(Web page caption snippets)
********

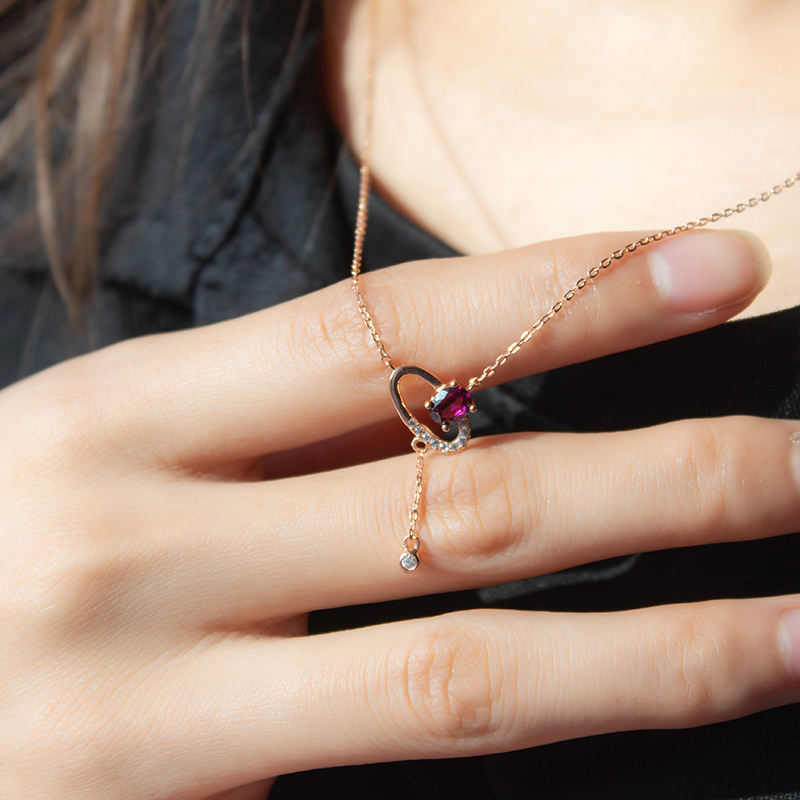 Natural Rhodolite Pendant Women Necklace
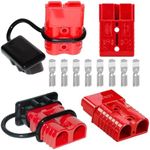 Anderson Connector 4 Pcs, 50 Amp 12-36v Batteries Quick Connect/Disconnect Plug Kit, Connectors for 6 to 12 Gauge Cables, for Car Bike ATV Winches Lifts Motors More,SB 50 Red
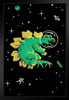 Stegosaurus Dinos in Space Dinosaur Poster For Kids Room Space Dinosaur Decor Dinosaur Pictures For Wall Dinosaur Wall Art Prints for Walls Meteor Science Poster Stand or Hang Wood Frame Display 9x13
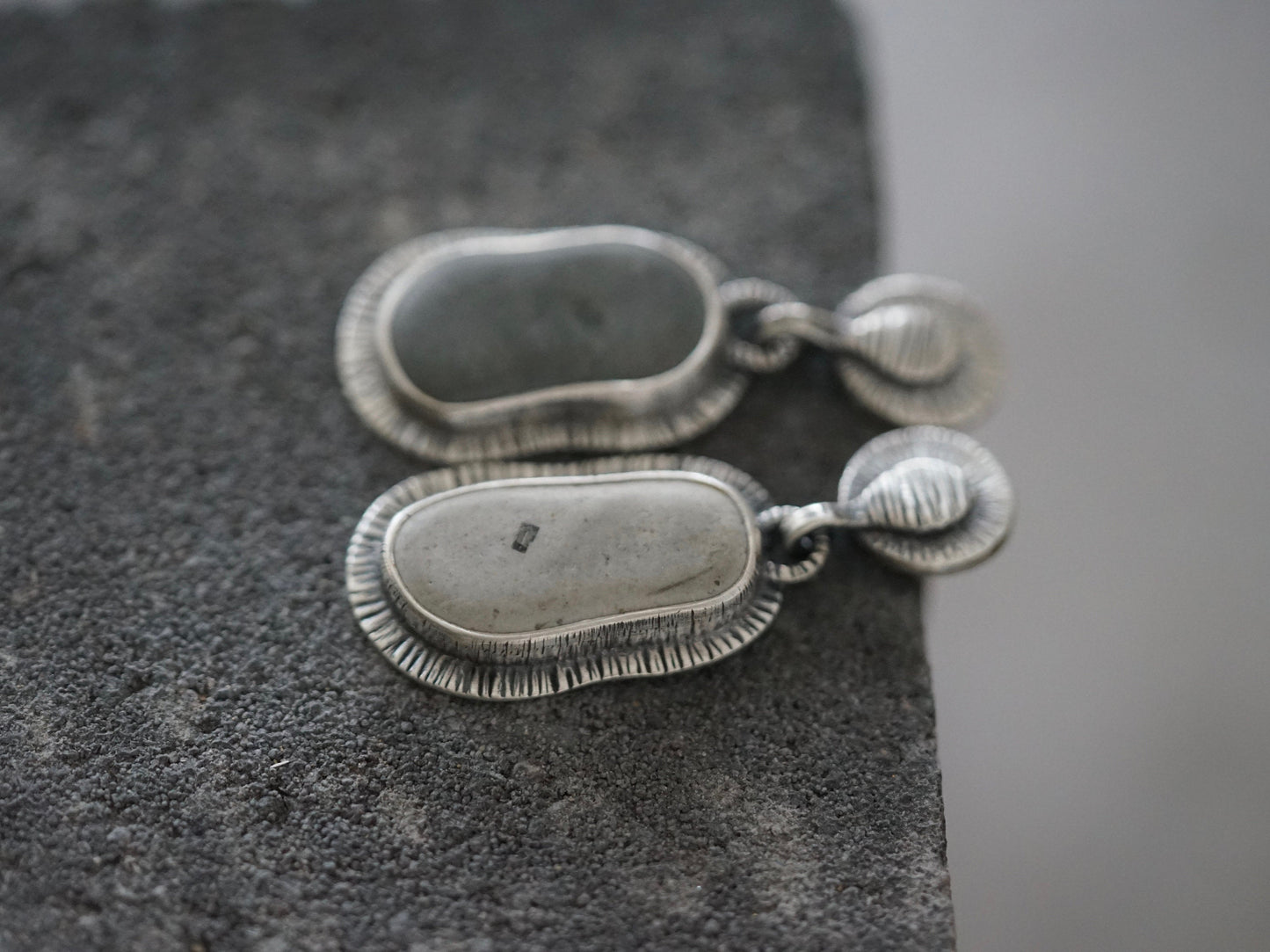 Dangly drop sterling silver and beach pebble earrings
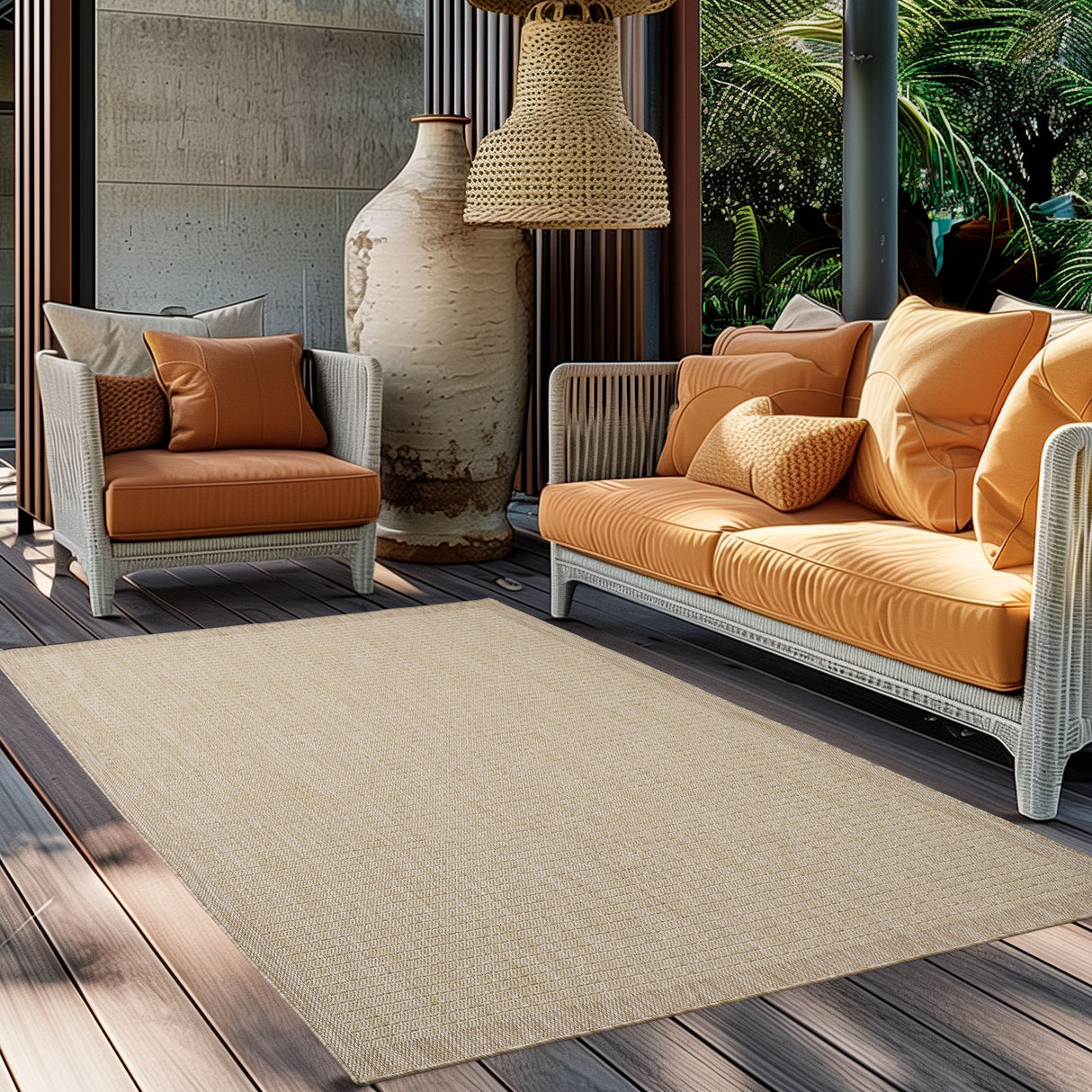 Terra 1410 Beige – Wetterfester Teppich für Innen- & Außenbereiche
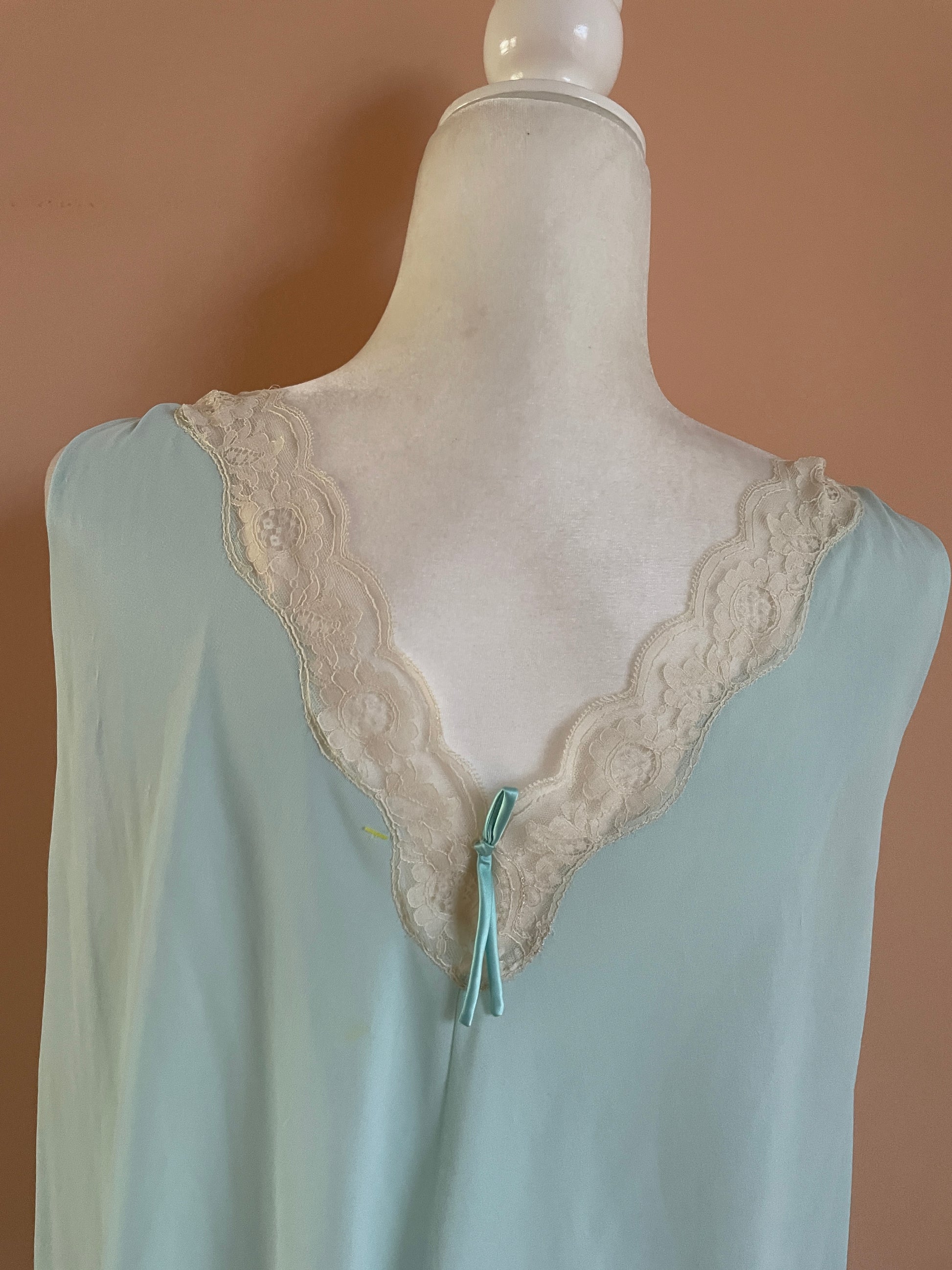  80s Vintage Blue Lacy Lingerie Nightgown M
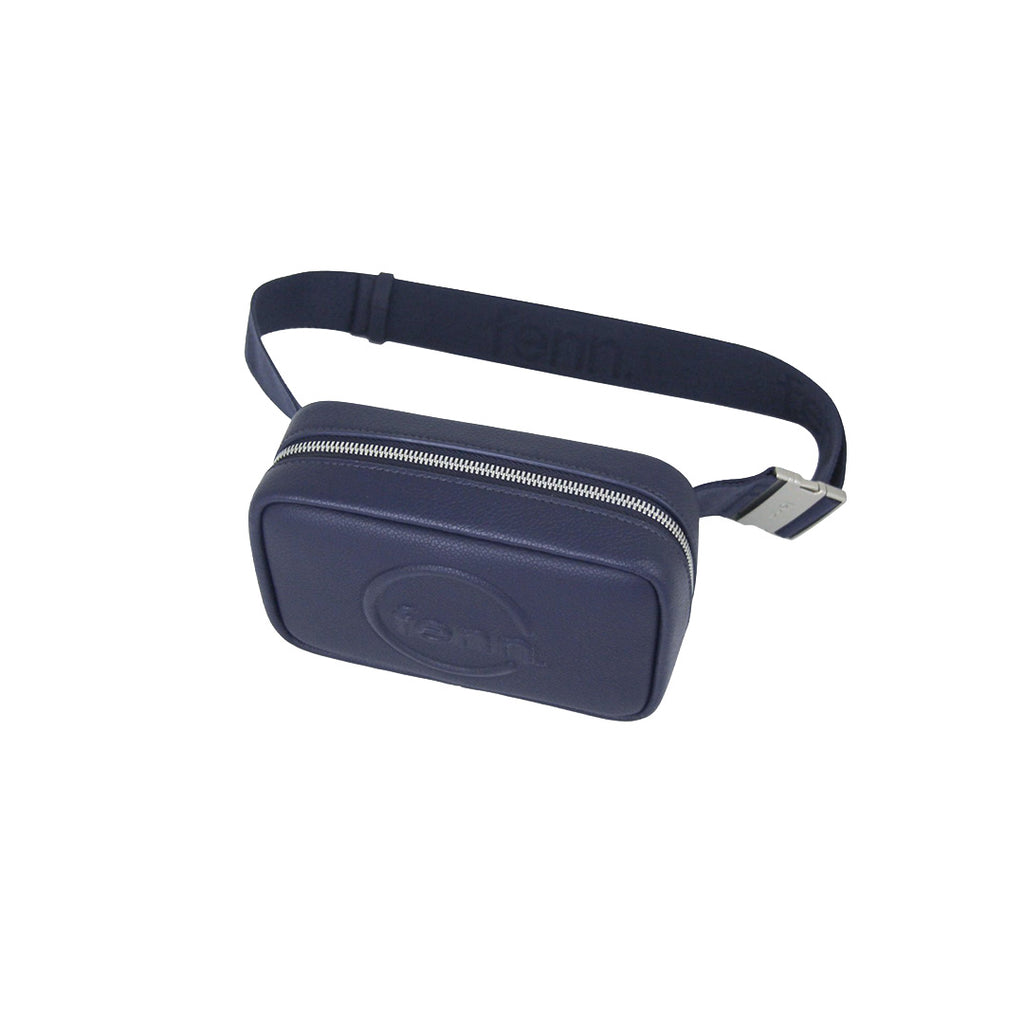 Fenn Collection - Pouch Canvas Strap Navy Silver Zip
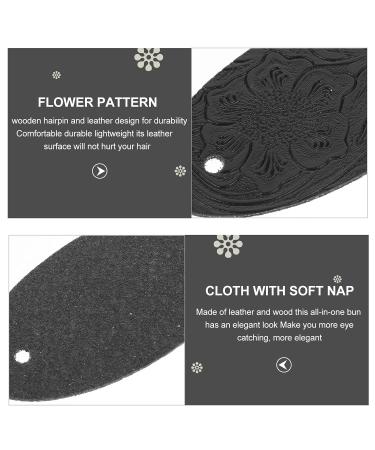 SHERCHPRY 3pcs Leather Hair Barrettes with Stick - Black Oval Shape Hair Clips - Buy Online on GoSupps.com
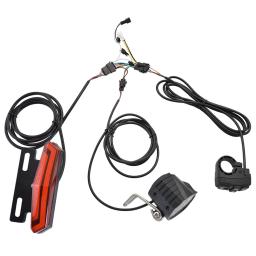 E-Bike freio dianteiro e luz traseira Set, Bike Rack Lâmpada com buzina, Interruptor do farol, Turn Tail Light, Acessórios bicicleta elétrica, 24V, 48V - Image 3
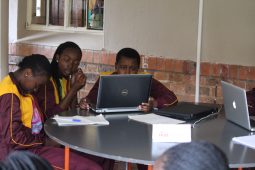 School kids on laptops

********

▶ **TASK OBJECTIVE**: The data above should be returned in full, exactly as written, apart from its images.

▶ **SOLUTION**:
 Natural Rhodolite Pendant Women Necklace
 Anderson Connector 4 Pcs, 50 Amp 12-36v Batteries Quick Connect/Disconnect Plug Kit, Connectors for 6 to 12 Gauge Cables, for Car Bike ATV Winches Lifts Motors More,SB 50 Red
 Stegosaurus Dinos in Space Dinosaur Poster For Kids Room Space Dinosaur Decor Dinosaur Pictures For Wall Dinosaur Wall Art Prints for Walls Meteor Science Poster Stand or Hang Wood Frame Display 9x13
 Dangly drop sterling silver and beach pebble earrings
 Terra 1410 Beige – Wetterfester Teppich für Innen- & Außenbereiche
  80s Vintage Blue Lacy Lingerie Nightgown M
 Fenn Collection - Pouch Canvas Strap Navy Silver Zip
 SHERCHPRY 3pcs Leather Hair Barrettes with Stick - Black Oval Shape Hair Clips - Buy Online on GoSupps.com
 E-Bike freio dianteiro e luz traseira Set, Bike Rack Lâmpada com buzina, Interruptor do farol, Turn Tail Light, Acessórios bicicleta elétrica, 24V, 48V - Image 3
 School kids on laptops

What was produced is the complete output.